Automation, innovation and advances in technology are forever changing the way in which the commercial real estate industry operates. Let’s take a quick look at how the industry is being disrupted.
McKinsey Analytics insists it is commercial real estate brokerages as opposed to real estate agents who should be most concerned about automation. This group reports that there is a greater than 50% chance that brokerages will be automated in the years ahead. Furthermore, McKinsey states the chances of agents’ work being automated is a mere 27%.
Though commercial real estate agents’ roles are gradually changing, their services will likely prove necessary for the foreseeable future. After all, business owners, managers and others need a local market expert to pinpoint the optimal location and agreement terms. Even if brokerages are automated, people will still rely on real estate agents for live assistance from an actual human being. The bottom line is data is seemingly ubiquitous yet it is not enough to complete a commercial real estate transaction in and of itself.
Automation Might be a Boon to Agents
Instead of viewing automation as a threat, real estate agents should view it as a helpful tool that makes it that much easier to connect property-seekers with property owners in an efficient manner. Automation enhances agent productivity by hiking efficiency through the completion of repeatable tasks that are quite monotonous and data-intensive.
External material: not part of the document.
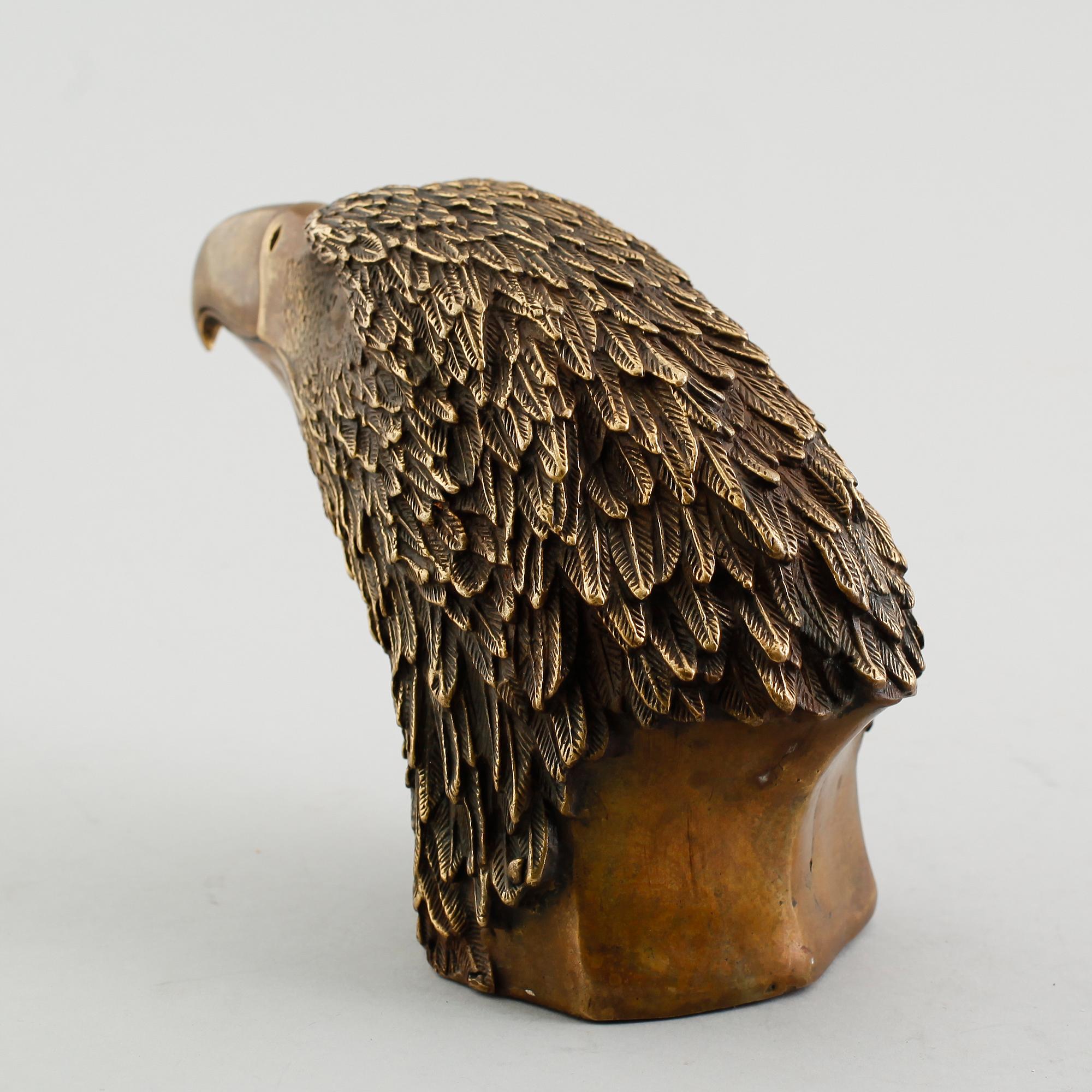 SKULPTUR, patinerad mässing, Kina, 1900/2000-tal.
When used properly, automation liberates agents to spend more time completing work that cannot be done by high-tech solutions, such as meeting with prospective clients, scoping out new properties and so on. In fact, there is an argument to be made that some real estate agents who have the optimal platform, licensing and technology might not need a conventional brokerage. However, there is a question as to whether property-seekers favor online brokerages or traditional brokerages.
Tech Innovation Requires Ongoing Adjustments
Those who adapt to technological innovation are that much more likely to be standing a year from now and also across posterity. In short, those who act somewhat similar to a software business while retaining brokerage elements will capture that many more clients. There was considerable worry that tech advancements would replace agents yet this no longer appears to be the case. Rather, brokerages are now focusing on how to implement tech tools to better serve agents. Agents who thrive in the years ahead will prove capable of working with software programs rather than constantly worry about being replaced by such tech advancement.
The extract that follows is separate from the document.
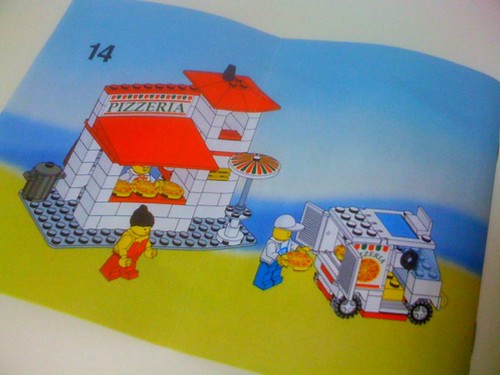 LEGO 10036 ピザハウス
Those who study the impact of technology on real estate insist there is the potential for the agent, often described as the “middleman”, to be disrupted or potentially even completely replaced. If tech advances to the point that it bridges the gap between business owners and property owners, agents will be disrupted. However, agent involvement will likely continue to prove necessary for the purchasing component of the real estate transaction.
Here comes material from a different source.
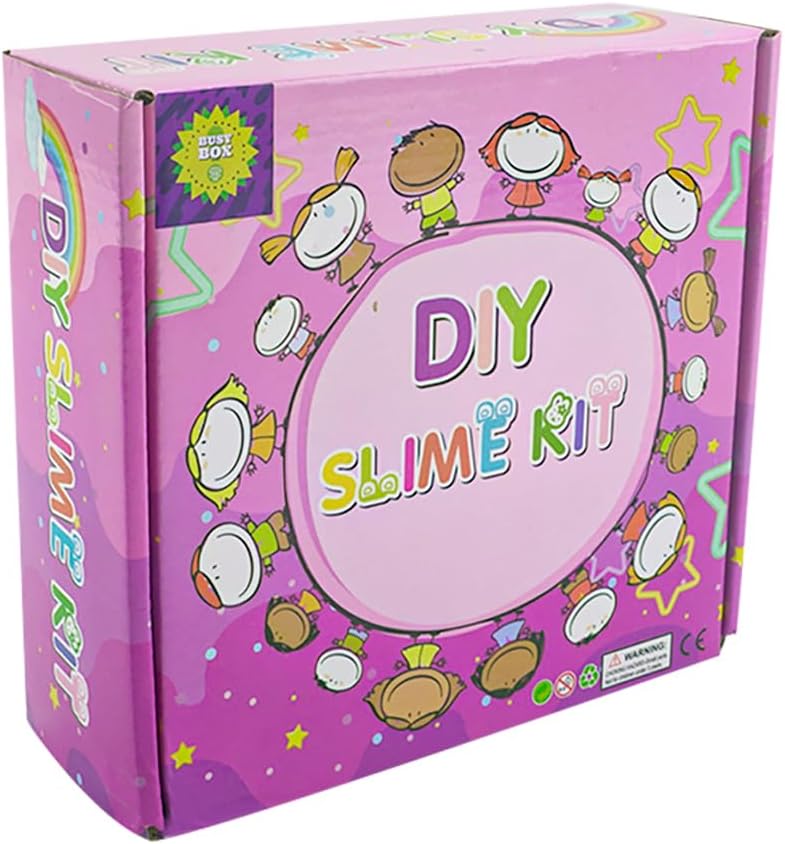 Paquete de 16 mini kit de limo de mantequilla, con sandía rosa, helado y slime de pastel, etc. Abalorios de slime de color y limo, suave y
Though property-seekers can qualify for financing and sign contracts online, this process probably won’t be completely automated for a while, if ever. Agents and other industry professionals are still necessary to complete such transaction. Furthermore, there is something to say about the comfort factor of dealing with an actual human being as opposed to computers. Some business owners, property owners/lessors and other parties involved in commercial real estate transactions will always want an agent to interface with. The average business owner and property owner lacks the time, knowledge and confidence necessary to read, research and analyze the process of buying, selling or leasing property on their own, meaning there will likely be an important role for real estate agents to play moving forward.